WASHINGTON, D.C. 20549

 

FORM 8-K

 

CURRENT REPORT

PURSUANT TO SECTION 13 OR 15(d) OF THE SECURITIES EXCHANGE ACT OF 1934

 

Date of Report (Date of earliest event reported): September 8, 2017

 

HYPERDYNAMICS CORPORATION

(Exact name of registrant as specified in its charter)

 

Delaware

(State or other jurisdiction of incorporation or organization)

 

001-32490

 

87-0400335

(Commission File Number)

 

(IRS Employer Identification
No.)

 

12012 Wickchester Lane, Suite 475

Houston, Texas 77079

(Address of principal executive offices,
including Zip Code)

 

(713) 353-9400

(Registrant’s telephone number,
including area code)

 

Not applicable

(Former name or former address, if changed since last report.)

 

Check the appropriate box below if the Form 8-K filing is intended to simultaneously satisfy the filing obligation of the registrant under any of the following provisions (see General Instruction A.2. below):

 

o            Written communications pursuant to Rule 425 under the Securities Act (17 CFR 230.425)

 

o            Soliciting material pursuant to Rule 14a-12 under the Exchange Act (17 CFR 240.14a-12)

 

o            Pre-commencement communications pursuant to Rule 14d-2(b) under the Exchange Act (17 CFR 240.14d-2(b))

 

o            Pre-commencement communications pursuant to Rule 13e-4(c) under the Exchange Act (17 CFR 240.13e-4(c))

 

Indicate by check mark whether the registrant is an emerging growth company as defined in Rule 405 of the Securities Act of 1933 (§230.405 of this chapter) or Rule 12b-2 of the Securities Exchange Act of 1934 (§240.12b-2 of this chapter).

 

Emerging growth company                                     o

 

If an emerging growth company, indicate by check mark if the registrant has elected not to use the extended transition period for complying with any new or revised financial accounting standards provided pursuant to Section 13(a) of the Exchange Act.    o

 

 

 



 

FORWARD LOOKING STATEMENTS

 

This Current Report on Form 8-K contains express or implied forward-looking statements that are based on our management’s belief and assumptions and on information currently available to our management. Although we believe that the expectations reflected in these forward-looking statements are reasonable, these statements relate to future events or our future operational or financial performance, and involve known and unknown risks, uncertainties and other factors that may cause our actual results, performance or achievements to be materially different from any future results, performance or achievements expressed or implied by these forward-looking statements.

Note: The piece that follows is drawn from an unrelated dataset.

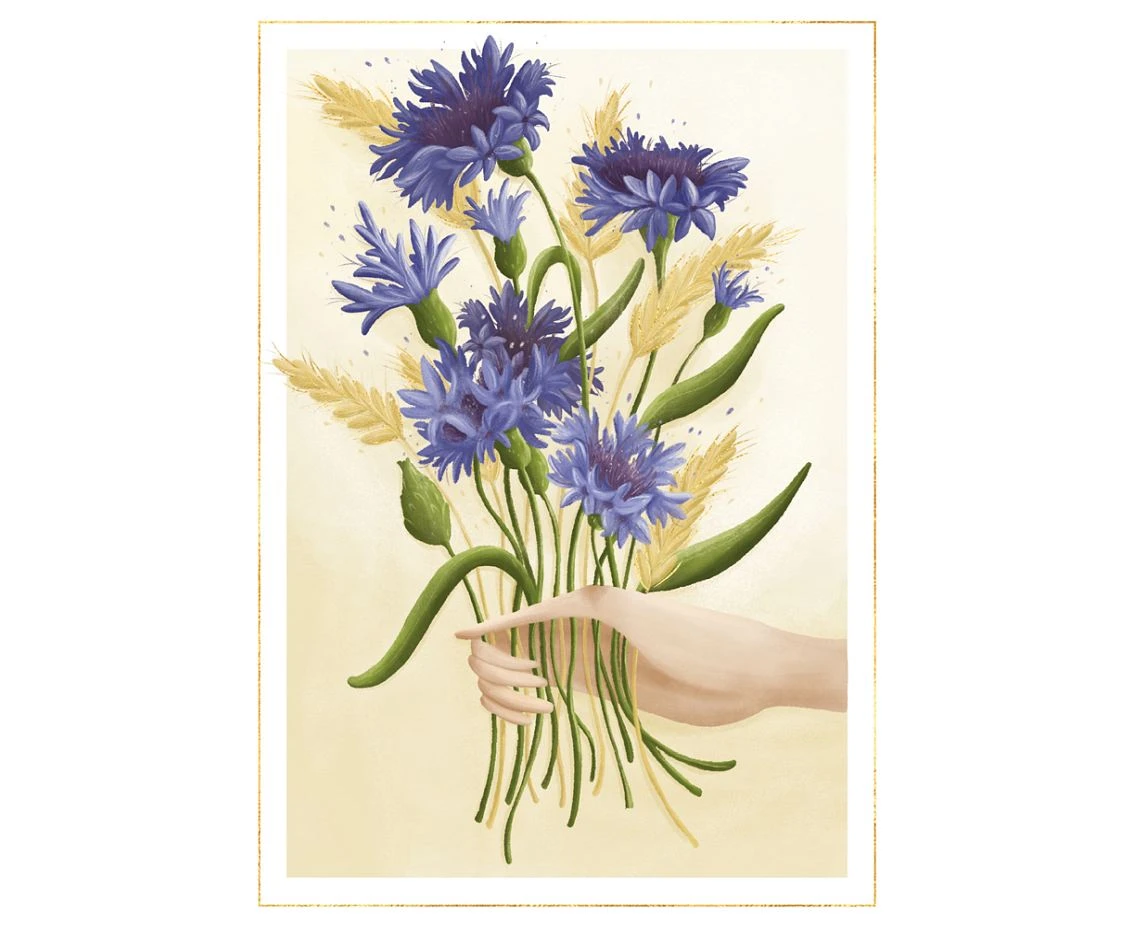 Greeting card Booklet B6 CORNFLOWERS HAND, 1 pc.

In some cases, forward-looking statements can be identified by terminology such as “may,” “should,” “could,” “expects,” “intends,” “plans,” “anticipates,” “future,” “believes,” “estimates,” “predicts,” “pro-forma,” “potential,” “attempt,” “develop,” “continue” or the negative of these terms or other comparable terminology.

 

These statements are only predictions. You should not place undue reliance on forward-looking statements because they involve known and unknown risks, uncertainties and other factors, which are, in some cases, beyond our control and which could materially affect results. These factors include, without limitation, our ability to raise additional funding as required to execute our exploration and development program, our dependence on a single exploration asset, our lack of proved reserves, our lack of operating revenue, dependence on joint development partners, the high operating risks of developing oil and gas resources, weather conditions and natural disasters, political conditions in the regions in which we operate or propose to operate, fluctuations in prices of oil and natural gas, the threats of terrorism, and general economic conditions.

 

You should read this Report and the documents that we reference in this Report and have filed with the Securities and Exchange Commission (the “SEC”) as exhibits hereto completely and with the understanding that our actual future results may be materially different from any future results expressed or implied by these forward-looking statements. The forward-looking statements in this Report represent our views as of the date of this Report.

 

We anticipate that subsequent events and developments will cause our views to change. However, while we may elect to update these forward-looking statements at some point in the future, we have no current intention of doing so except to the extent required by applicable law. You should therefore not rely on these forward-looking statements as representing our views as of any date subsequent to the date of this Report.  Investors should carefully review the risk factors disclosures and other information, including our financial statements and the notes thereto, set forth in the reports and other documents we file with the SEC and available at www.sec.gov.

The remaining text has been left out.